Teaching staff and students from the IMH Campus on Digital and Advanced Manufacturing come to Tekniker’s facilties to evaluate a number of problems/situations related to robot maintenance focused on using interactive natural language voice solutions.

In order to facilitate and improve the productivity of certain industrial processes, the consortium comprising Vicomtech, UPV/EHU, Ikor, IMH, UZEI and Tekniker, is currently developing and implementing interaction mechanisms between operators and machines to make further progress with regard to establishing an interaction with industrial machines based on using natural language.

Consequently, and within the framework of the so-called EKIN project, Vicomtech, UPV/EHU and Tekniker have developed a conversational assistant that provides interactive access to information available in technical manuals by combining advanced Question Answering techniques and Dialogue Systems.

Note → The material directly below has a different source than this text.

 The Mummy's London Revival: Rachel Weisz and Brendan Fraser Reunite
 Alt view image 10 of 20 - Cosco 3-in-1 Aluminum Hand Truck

More specifically, Tekniker has developed one of the components of this assistant in the form of a natural dialogue system based on semantic technologies and procedures described in technical manuals that will allow operators to carry out procedural tasks and information searches. One of its key activities is focused on compiling and labelling technical manuals.

In order to validate and evaluate EKIN’s quality and degree of usability in maintenance environments, teachers and students from the IMH campus on Digital and Advanced Manufacturing visited Tekniker’s facilities to make an overall assessment of problems/situations related to robot maintenance.

Robots are associated with information published in manuals so that when they interact with EKIN’s natural assistant their aim is to obtain all the information that is required to solve problems although without performing conventional information searches in manuals.

In this particular case, users, teachers and students, interacted via natural voice language and the assistant displayed all the relevant information on-screen.

Thanks to this experimentation, it has been possible to evaluate one of the main results that the EKIN project was expected to deliver: an assistive solution for maintenance procedures based on technical manuals.